Mayor of Valenzuela
- In office 1968–1986
- Preceded by: Ignacio Santiago Sr.
- Succeeded by: Wilfredo F. Chongco

Personal details
- Born: Geronimo Solapco Angeles March 6, 1927 Polo, Bulacan, Philippine Islands
- Died: August 17, 2005 (aged 78)
- Parent(s): Eugenio Angeles Eufrocina Solapco
- Alma mater: Ateneo de Manila University Rizal High School
- Occupation: Politician, lawyer

= Geronimo Angeles =

Geronimo "Gerry" Solapco Angeles (March 6, 1927 – August 17, 2005), was a Filipino politician and lawyer who served as the Mayor of Valenzuela from 1968 to 1986. He holds the record as the longest-serving mayor in the history of the municipality, having governed the town for 18 consecutive years. He notably oversaw the historical transition of Valenzuela from being a municipality of the province of Bulacan into a highly urbanized entity within the newly formed Metropolitan Manila Commission.

== Early life and education ==
Angeles was born on March 6, 1927, in Barangay Isla in the town of Polo, Bulacan (the geographical predecessor to modern-day Valenzuela City). He was born to a prominent family; his father, Eugenio Angeles, served as an Associate Justice of the Supreme Court of the Philippines, and his mother was Eufrocina Solapco.

He received his primary education at the Polo Elementary School before attending the Ateneo de Manila University and Rizal High School for his secondary education. Pursuing a career in the legal field, he later studied law at the Manila Law College.

== Political career ==
Angeles entered local politics and was elected as the Mayor of Valenzuela, succeeding Ignacio Santiago Sr. He officially assumed office in 1968.

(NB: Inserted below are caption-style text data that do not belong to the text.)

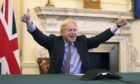 Prime Minister Boris Johnson reacts from 10 Downing Street as Britain and the European Union reach a deal.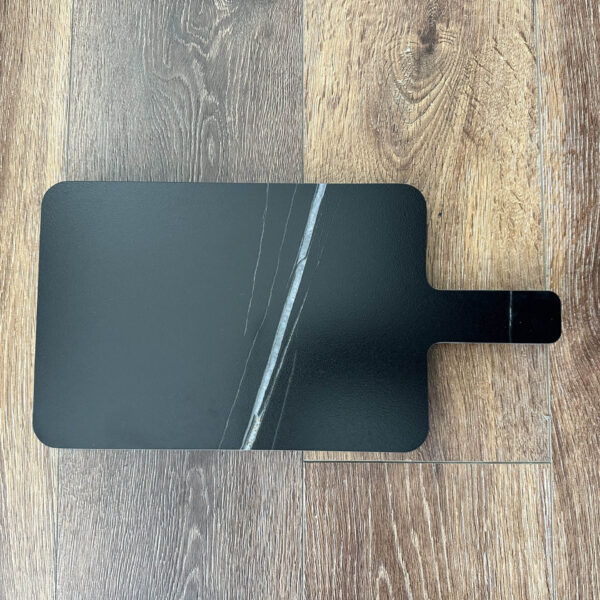 Black marble cutting board on wooden floor.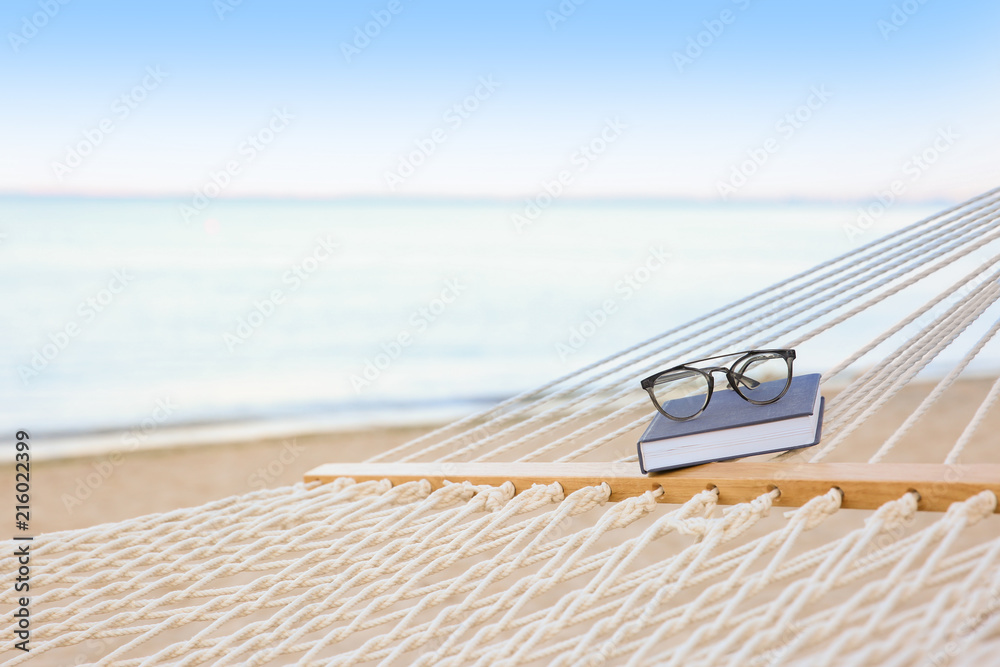 Fototapeta premium Comfortable hammock with book and glasses at seaside
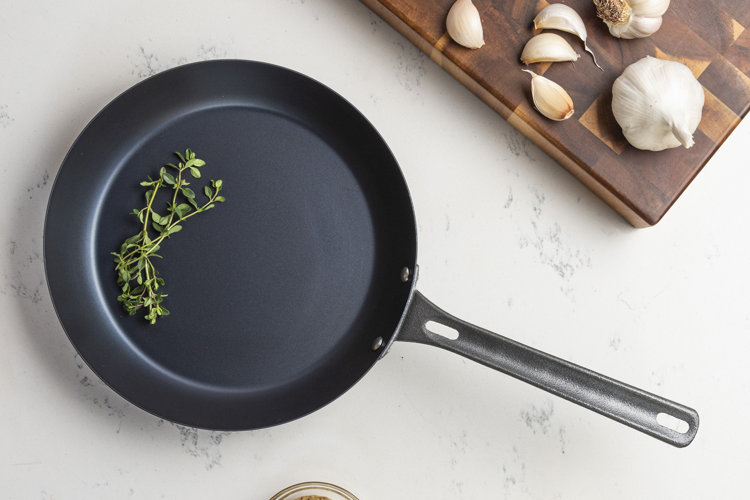 carbon steel pan on a marble countertop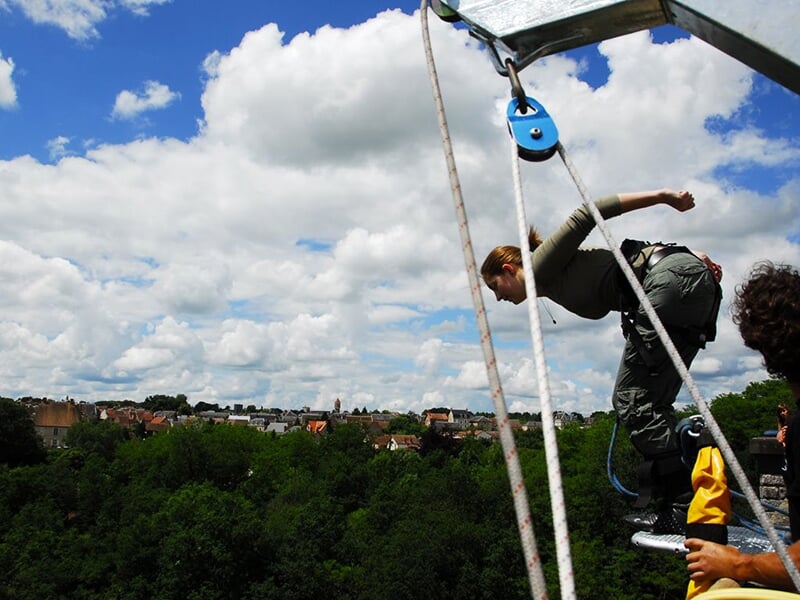 Une femme en position de saut à l'élastique, se penchant vers l'avant depuis une plate-forme, sous un ciel ensoleillé.
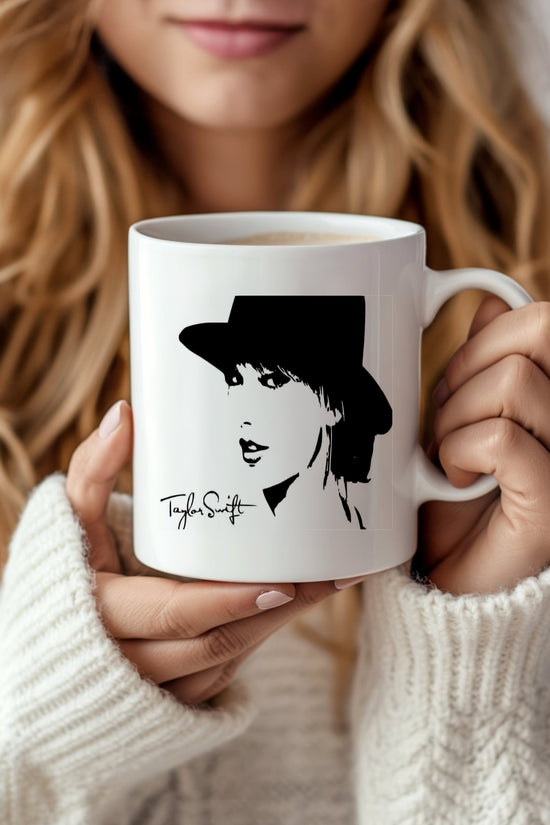 A person with long blonde hair, wearing a cozy white sweater, holds a Kreative Kreationz Taylor Swift Mug. The ceramic mug features a stylized illustration of a woman in a hat and signature-like text below the design.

His extensive tenure encompassed several pivotal eras in modern Philippine history, including the pre-Martial Law era of the Third Philippine Republic and the entirety of President Ferdinand Marcos's military rule. One of the most significant administrative shifts during his leadership occurred in 1975, when Valenzuela was officially excised from the province of Bulacan and integrated into the National Capital Region (NCR) under the jurisdiction of the Metropolitan Manila Commission.

Angeles's administration initiated several major infrastructure projects, including the construction of the old city police headquarters beside the municipal hall in 1982. His continuous 18-year administration came to an abrupt end following the 1986 People Power Revolution. After the ouster of the Marcos administration, incoming President Corazon Aquino established a revolutionary government and replaced incumbent local executives nationwide. Angeles was removed from his post and replaced by Wilfredo F. Chongco, who was appointed as the Officer-in-Charge (OIC) mayor of Valenzuela.

Angeles died on August 17, 2005, at the age of 78.

== Legacy ==
In recognition of his nearly two decades of leadership and his role in modernizing the municipality's infrastructure and administrative capabilities, Angeles was awarded the Gawad Pio Valenzuela Award for Government Service in 1996.

To further commemorate his historical contributions to the city, the local government named the central finance building within the Valenzuela City Hall complex the Bulwagang Geronimo Angeles (Geronimo Angeles Hall). Today, the building houses the city's key planning, engineering, and financial divisions.